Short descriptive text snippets
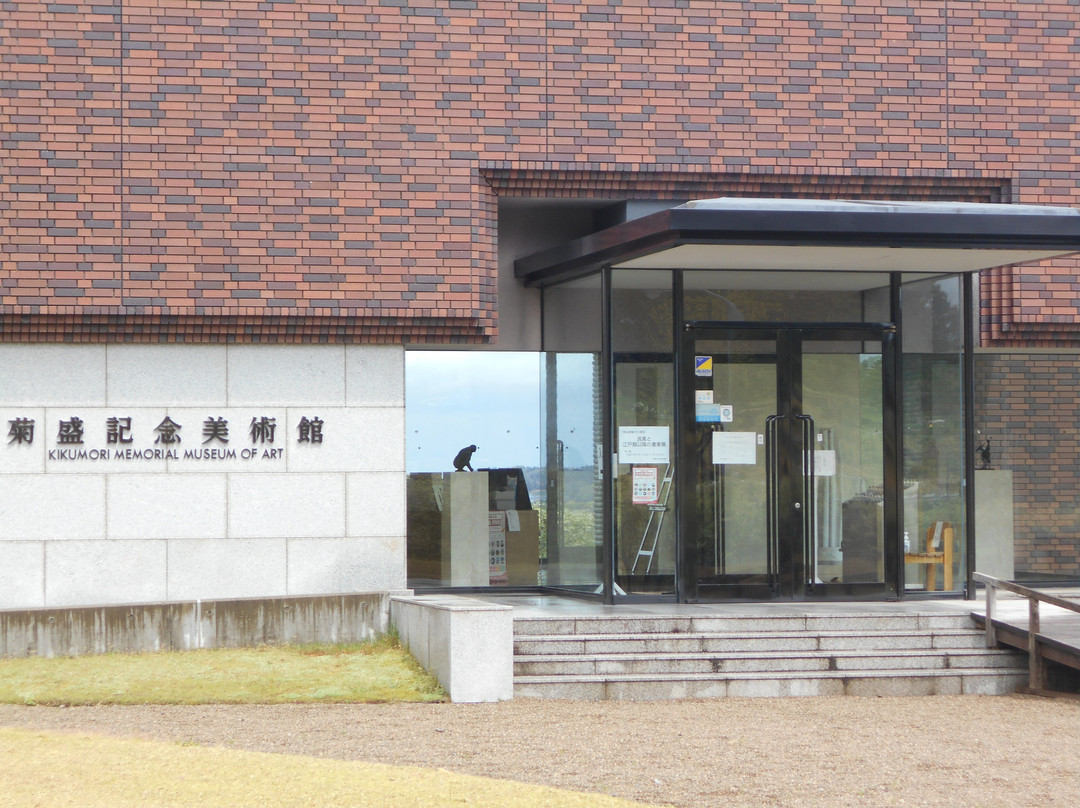 Kikumori Memorial Art Museum-长冈市必去景点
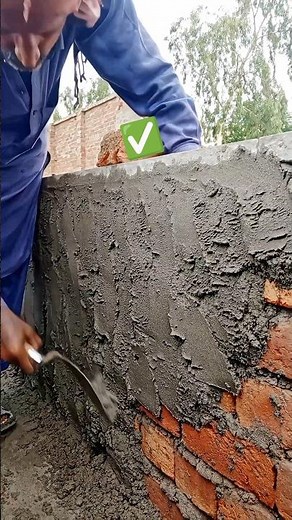 How to plaster your wall inside guide part 1 #constructiontips #shortvideo #plasterer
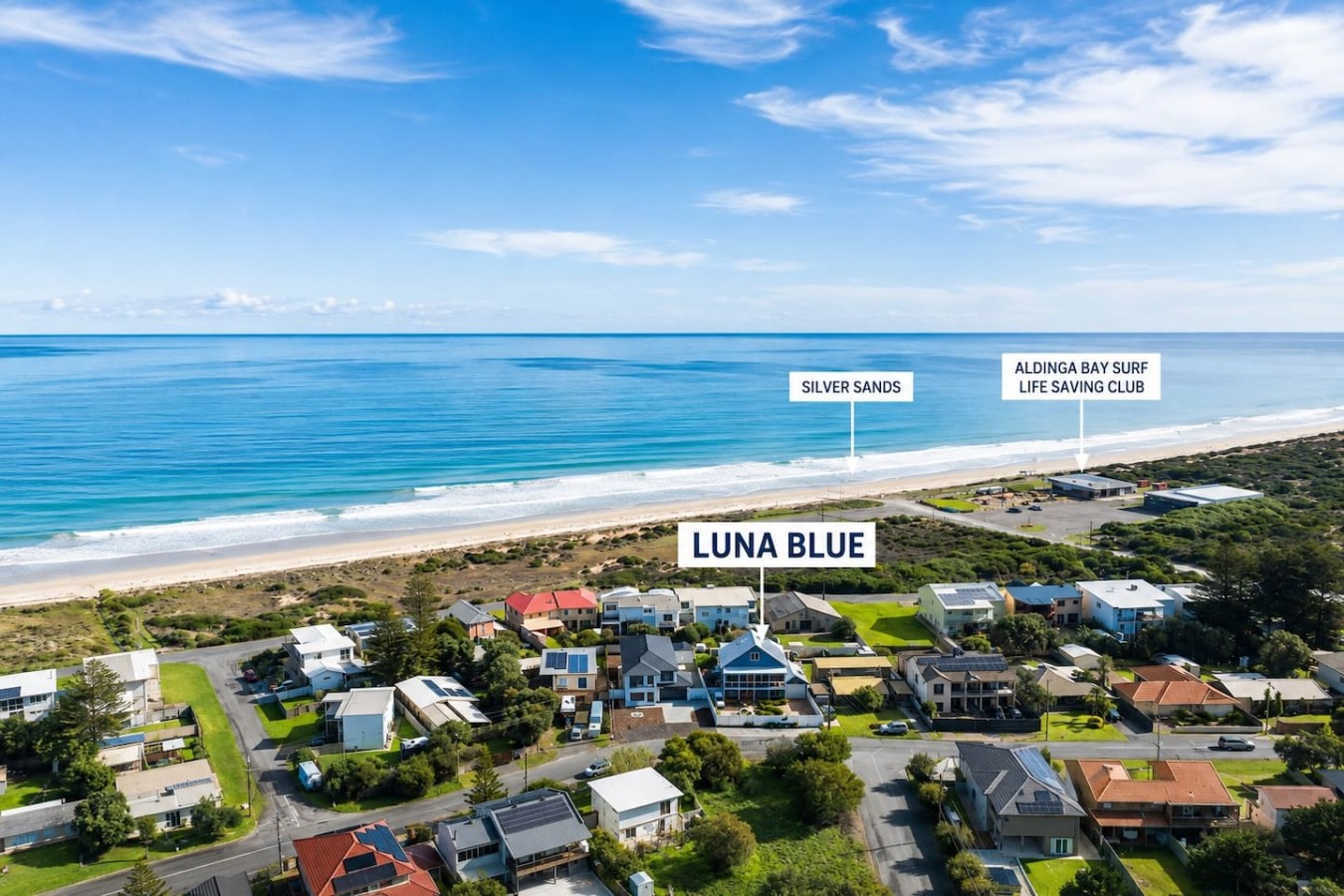 Luna Blu 5 Min Walk to the Beach 6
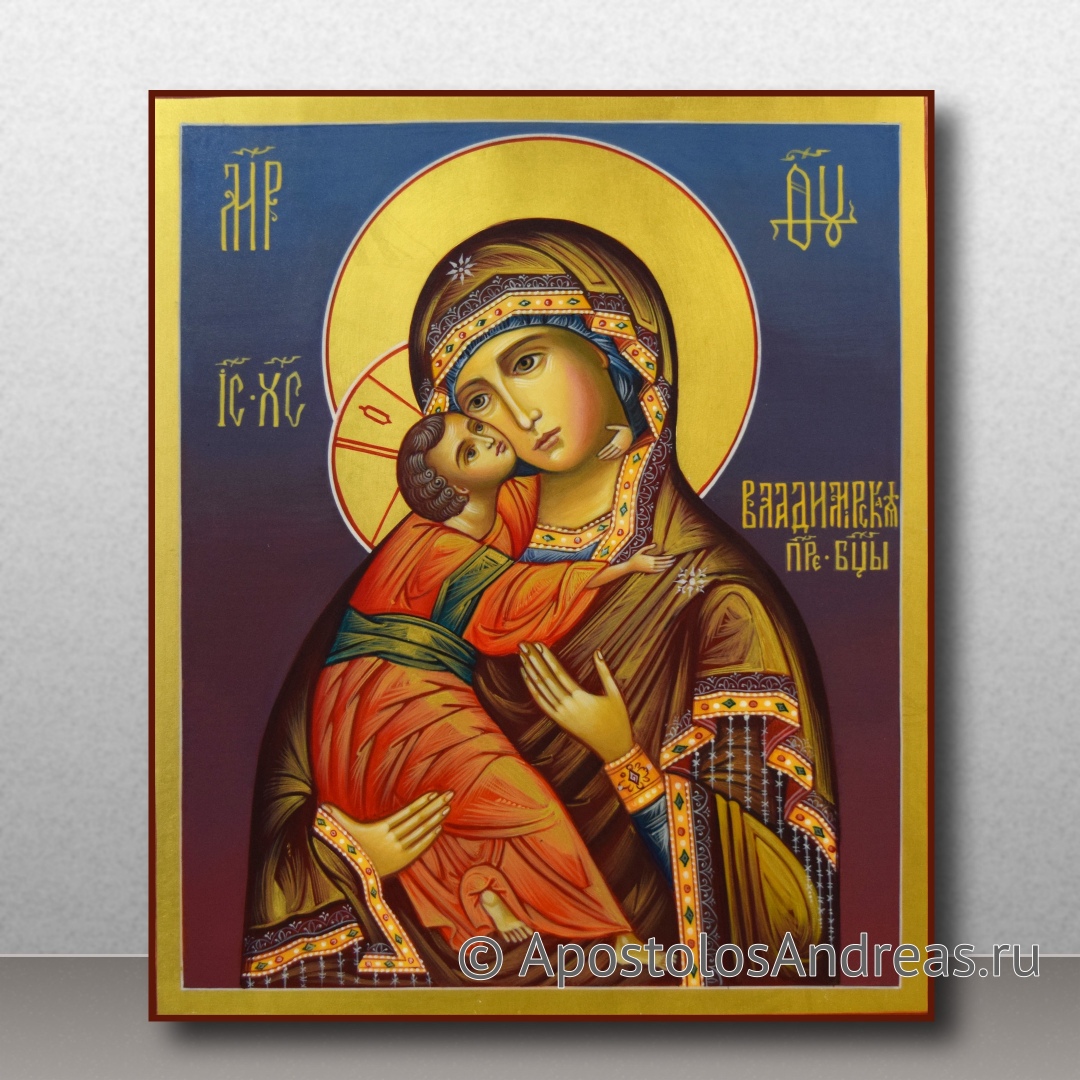 Икона Владимирская Божия Матерь | Образец № 25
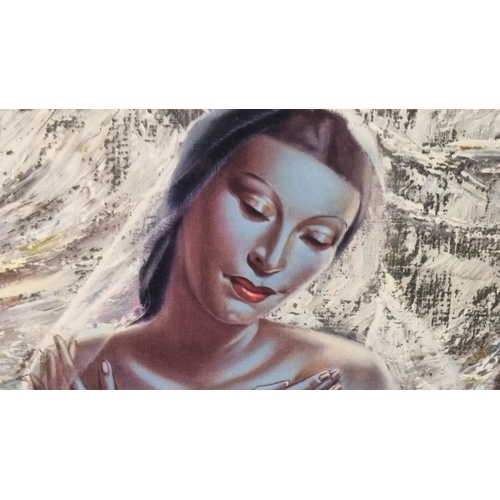 135 - Rare Vladimir Tretchikoff (1913-2006) Double Signed Limited Edition..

### YOUR ASSIGNMENT
Print the stretch of the data from the line with "Luna Blu 5 Min Walk to the Beach 6" through its last line, exactly and with both ends kept. Omit pictures.

### ANSWER SECTION
 Luna Blu 5 Min Walk to the Beach 6
 Икона Владимирская Божия Матерь | Образец № 25
 135 - Rare Vladimir Tretchikoff (1913-2006) Double Signed Limited Edition..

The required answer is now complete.